> [EXERCISE] Print the data below exactly, but only the lines from the one containing "threeeight_wh-military-pants-1086-olive_1.jpg" down to the one containing "#1000subscriber #tumblr #tumbler", inclusive.

(Source data)
◆ ◆ ◆ ◆ ◆

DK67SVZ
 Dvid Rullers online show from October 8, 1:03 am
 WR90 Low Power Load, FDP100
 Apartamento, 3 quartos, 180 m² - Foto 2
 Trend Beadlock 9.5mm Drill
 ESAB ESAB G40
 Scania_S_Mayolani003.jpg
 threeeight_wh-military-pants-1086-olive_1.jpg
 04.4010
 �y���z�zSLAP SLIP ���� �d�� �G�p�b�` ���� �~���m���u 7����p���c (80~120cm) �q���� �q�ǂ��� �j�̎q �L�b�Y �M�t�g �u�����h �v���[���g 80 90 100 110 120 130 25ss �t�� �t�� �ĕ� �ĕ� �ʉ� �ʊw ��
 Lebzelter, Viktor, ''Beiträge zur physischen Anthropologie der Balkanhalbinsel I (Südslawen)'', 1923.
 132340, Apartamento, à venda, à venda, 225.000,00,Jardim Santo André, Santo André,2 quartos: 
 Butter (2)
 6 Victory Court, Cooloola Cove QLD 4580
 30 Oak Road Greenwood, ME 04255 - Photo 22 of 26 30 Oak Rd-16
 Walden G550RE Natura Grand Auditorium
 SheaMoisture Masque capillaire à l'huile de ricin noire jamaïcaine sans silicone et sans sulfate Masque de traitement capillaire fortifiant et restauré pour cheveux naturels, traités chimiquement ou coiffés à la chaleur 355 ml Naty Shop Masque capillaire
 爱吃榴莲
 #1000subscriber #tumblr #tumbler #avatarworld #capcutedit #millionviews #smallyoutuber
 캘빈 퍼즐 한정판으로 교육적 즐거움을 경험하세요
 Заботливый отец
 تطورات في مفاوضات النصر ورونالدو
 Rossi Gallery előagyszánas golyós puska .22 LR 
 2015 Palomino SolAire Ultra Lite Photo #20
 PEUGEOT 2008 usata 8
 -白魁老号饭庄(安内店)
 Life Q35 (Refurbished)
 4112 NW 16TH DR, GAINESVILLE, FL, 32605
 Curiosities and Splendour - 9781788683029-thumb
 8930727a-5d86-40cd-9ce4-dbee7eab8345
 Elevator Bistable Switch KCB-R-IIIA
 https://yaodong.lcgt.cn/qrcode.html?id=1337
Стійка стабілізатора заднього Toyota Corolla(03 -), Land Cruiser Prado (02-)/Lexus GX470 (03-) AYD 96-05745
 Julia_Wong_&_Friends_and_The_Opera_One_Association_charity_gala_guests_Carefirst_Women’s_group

◆ ◆ ◆ ◆ ◆

> [THE ANSWER]
 threeeight_wh-military-pants-1086-olive_1.jpg
 04.4010
 �y���z�zSLAP SLIP ���� �d�� �G�p�b�` ���� �~���m���u 7����p���c (80~120cm) �q���� �q�ǂ��� �j�̎q �L�b�Y �M�t�g �u�����h �v���[���g 80 90 100 110 120 130 25ss �t�� �t�� �ĕ� �ĕ� �ʉ� �ʊw ��
 Lebzelter, Viktor, ''Beiträge zur physischen Anthropologie der Balkanhalbinsel I (Südslawen)'', 1923.
 132340, Apartamento, à venda, à venda, 225.000,00,Jardim Santo André, Santo André,2 quartos: 
 Butter (2)
 6 Victory Court, Cooloola Cove QLD 4580
 30 Oak Road Greenwood, ME 04255 - Photo 22 of 26 30 Oak Rd-16
 Walden G550RE Natura Grand Auditorium
 SheaMoisture Masque capillaire à l'huile de ricin noire jamaïcaine sans silicone et sans sulfate Masque de traitement capillaire fortifiant et restauré pour cheveux naturels, traités chimiquement ou coiffés à la chaleur 355 ml Naty Shop Masque capillaire
 爱吃榴莲
 #1000subscriber #tumblr #tumbler #avatarworld #capcutedit #millionviews #smallyoutuber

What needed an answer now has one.